Solo un cenno alla scomparsa di Sergio Marchionne. Aveva il talento dei sogni. E aveva la grande capacità di dargli la solidità necessaria per realizzarli. Non voglio discutere della qualità di quei sogni. Ma credo che quel talento e quella capacità, finalmente unite, sarebbero assai utili alla politica italiana.

I “giochi” oggi riguardano il ministero dell’Economia. E sono tutti racchiusi in una domanda, quanto dura Giovanni Tria? Se lo sono chiesto tutti, fin dall’inizio, a via XX settembre. Corridoi lunghi, poca luce e scetticismo palpabile. Risposta prevalente: poco, dura poco. In un mese e mezzo è cambiato, se non tutto, molto. Perché il tecnico in cima ai desideri di nessuno (perché tecnico e perché, soprattutto, non è Paolo Savona) ha un metodo. E lì, negli stessi corridoi, cominciano a chiamarlo “metodo Tria”. Dove la continuità non è un difetto, ma nemmeno necessariamente un pregio. Dove le nomine non si propongono o si fanno a dispetto degli equilibri politici gialloverdi, ma se qualcuno si indispettisce, pazienza. Dove sulle cose di competenza istituzionale del Mef, si ascolta la politica ma è il ministro dell’economia che decide. Dove si lasciano le battaglie perse, per vincere le altre. Dove si fa tutto con calma: le interviste (finora: una al Corriere, un’altra al Washington Post), gli account twitter (Tria non ne ha ancora uno, wow!), la comunicazione on line (notizie centellinate anche a chi deve occuparsene), i viceministri (non ci sono ancora le deleghe, sul sito del Mef Laura Castelli è “solo” sottosegretario).

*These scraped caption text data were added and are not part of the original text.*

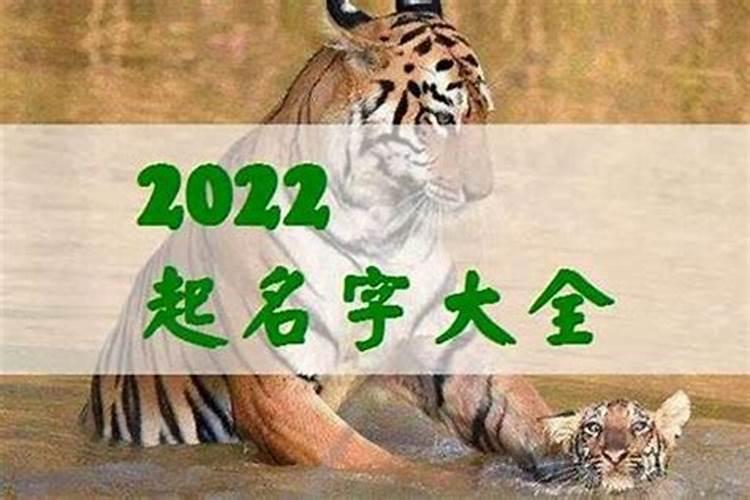 2023年元宵节出生的宝宝乳名 元旦宝宝小名寓意好的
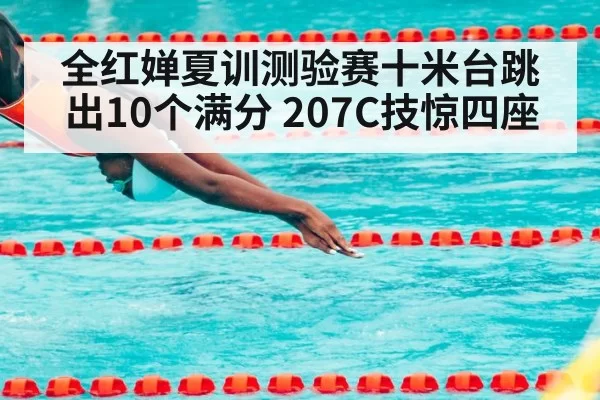 全红婵夏训测验赛十米台跳出10个满分 207C技惊四座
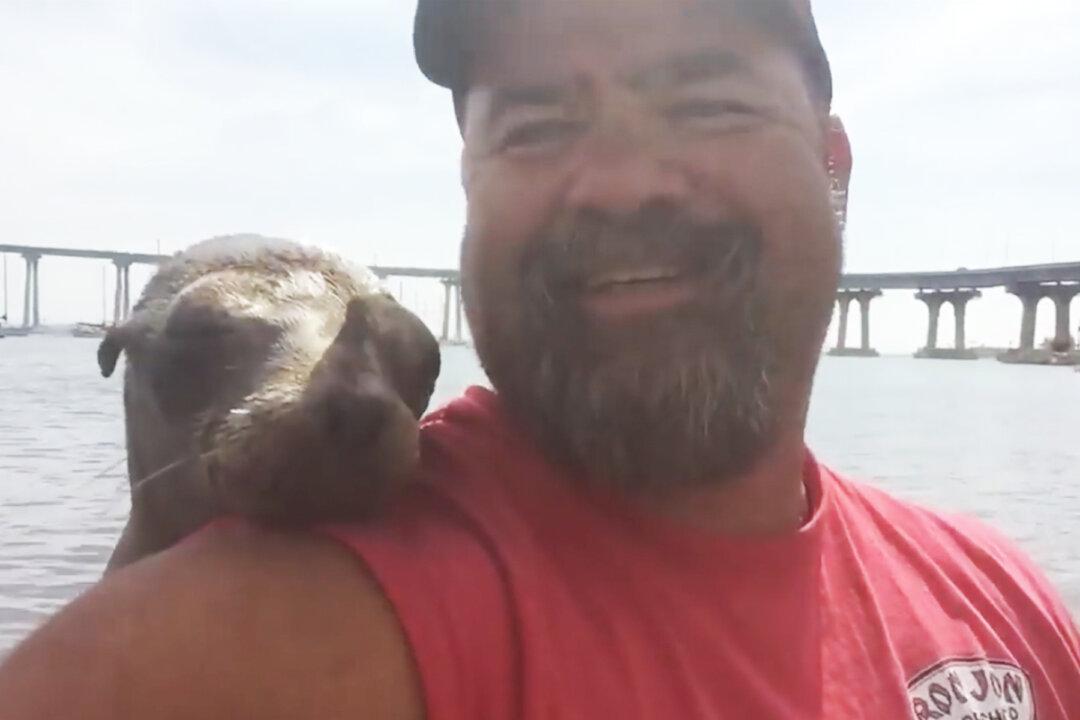 Kayaker Surprised When Adorable Baby Seal Climbs Aboard and Cuddles as He Takes Selfies and Videos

Qualche esempio del “metodo”? Passata la bufera delle manine sul decreto dignità, alla Ragioneria generale dello Stato resta Daniele Franco. Il capo di gabinetto Roberto Garofoli, mai messo in discussione. Fabrizia Pecorella, direttore generale delle Finanze, altra conferma. La battaglia persa è sul direttore generale di Cassa Depositi e Prestiti: Tria voleva Dario Scannapieco, ha accettato Fabrizio Palermo. Ma l’uomo che qualche giorno prima il consiglio dei ministri aveva bocciato come direttore generale del Mef, Alessandro Rivera, guarda un po’: è il direttore generale del Mef. Sempre in conseguenza del “metodo” a via XX settembre giurano che l’azzeramento dei vertici di Ferrovie, non è questione subìta, ma del tutto condivisa con ministero dei Trasporti. Cioè: Tria con le Ferrovie c’entra, eccome. E non fa decidere Toninelli.

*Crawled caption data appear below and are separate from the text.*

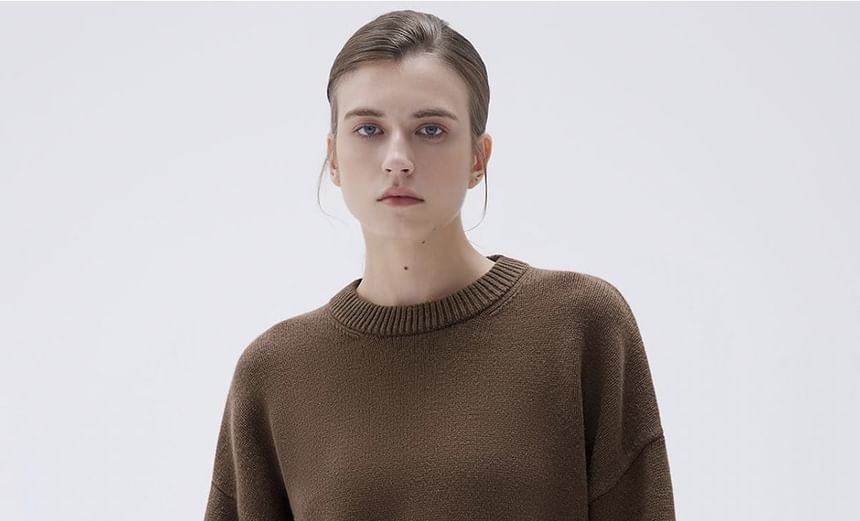Crew Neck Plain Casual Sweater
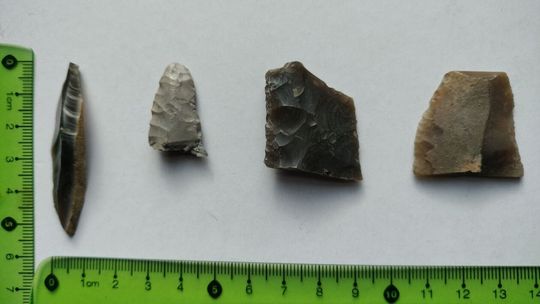 odkrycia w powiecie tomaszowskim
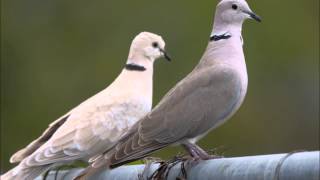 Stevan Hristić  Грлица  Grlica  Tourterelle  Turtledove  Горлица [upl. by Ttezzil881]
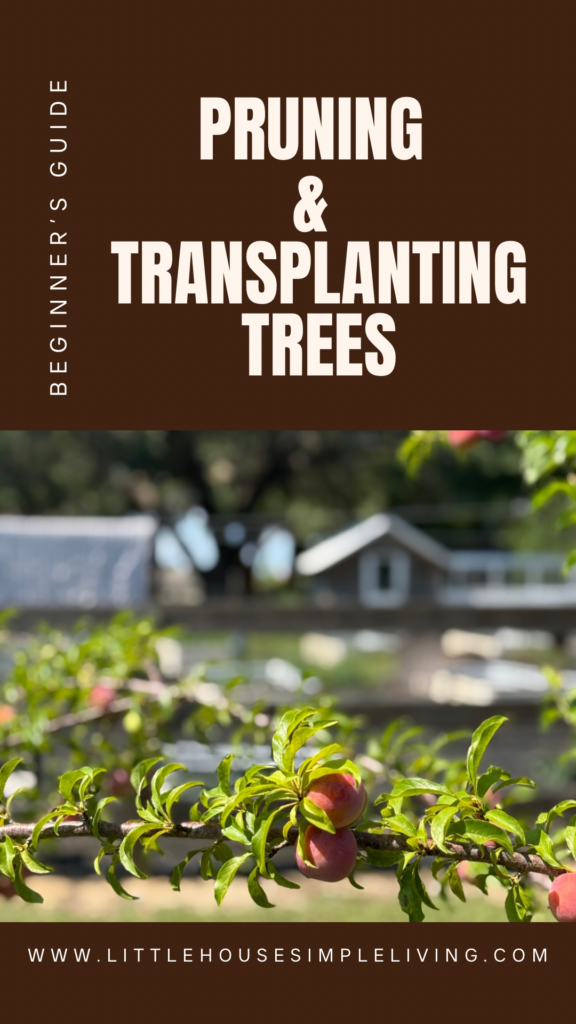 Pruning and transplanting trees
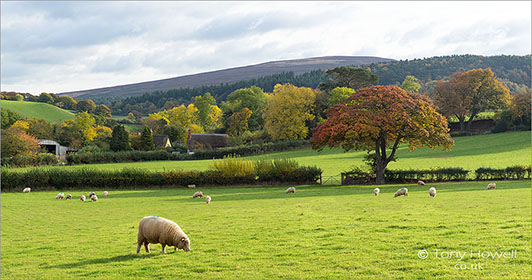 Trees-Sheep-Exmoor-Autumn-AR484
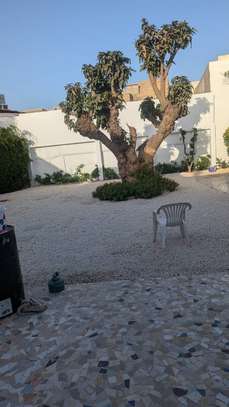 Villa basse de 1000 m² à louer à Dieupeul 1 image 5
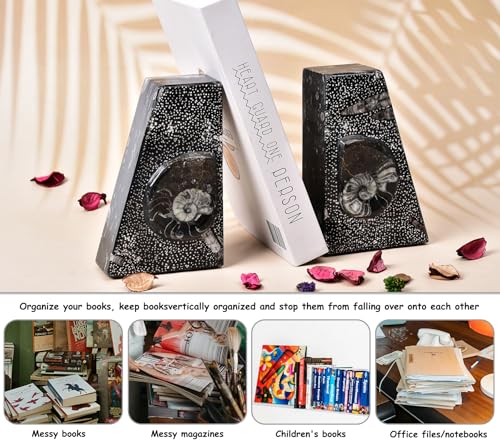 AMOYSTONE 1Pair Decorative Heavy Bookends 6-8 LBS Trapezoid Authentic Natural Orthoceras Fossil Shell Polished Height 6.2" - color: Black & White a, size: 6-8 Lbs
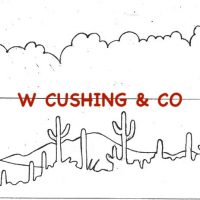 Southwest Sunrise, Pattern by Cactus Needle, 20 3/4" X 15"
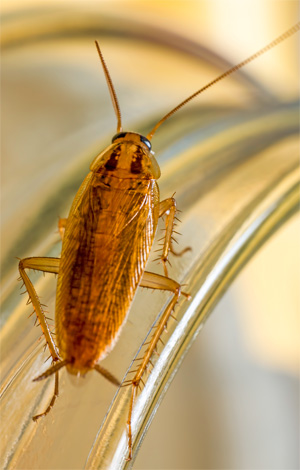Et à ce jour, les gens reprochent souvent à leurs voisins l'apparition de Prussiens dans un appartement ...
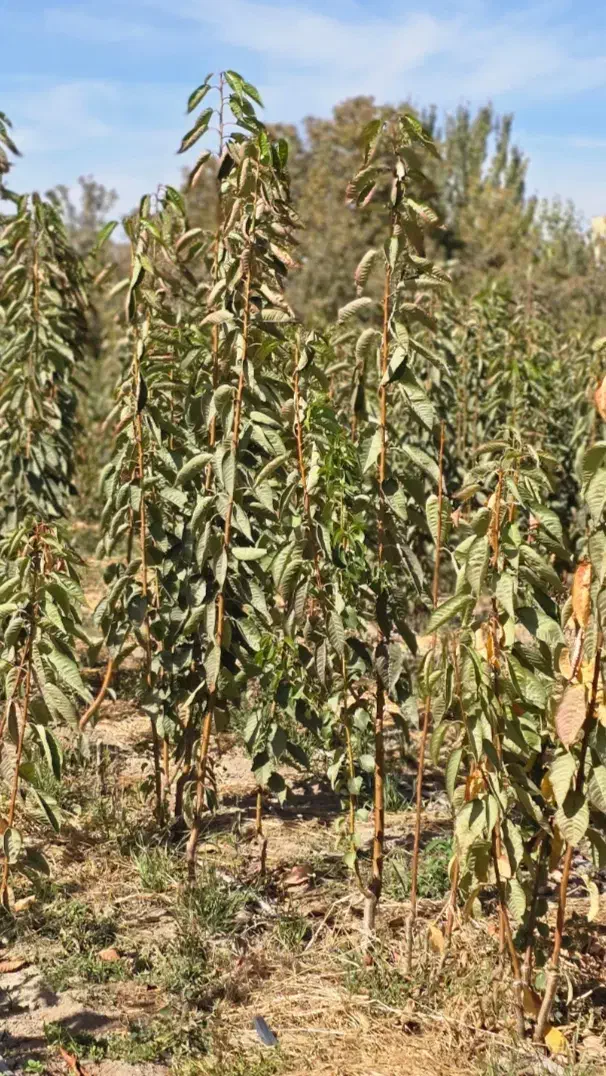 نهال گیلاس تکدانه مشهد|خدمات باغبانی و درختکاری|مرند, |دیوار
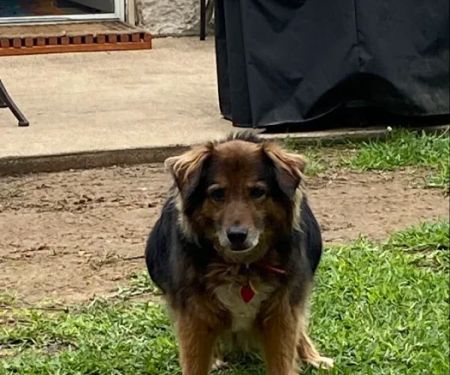 Thompson Veterinary Services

Finisco. Qualcuno ha mai sentito dire da Tria che il reddito di cittadinanza e la flat tax non si possono fare? Vediamo. Studiamo. Con calma. Non facciamo dispetti, soprattutto alla realtà. E se qualcuno si indispettisce, pazienza. Il metodo Tria.

Consiglio per l’ascolto: “Ed io tra di voi”, Charles Aznavour.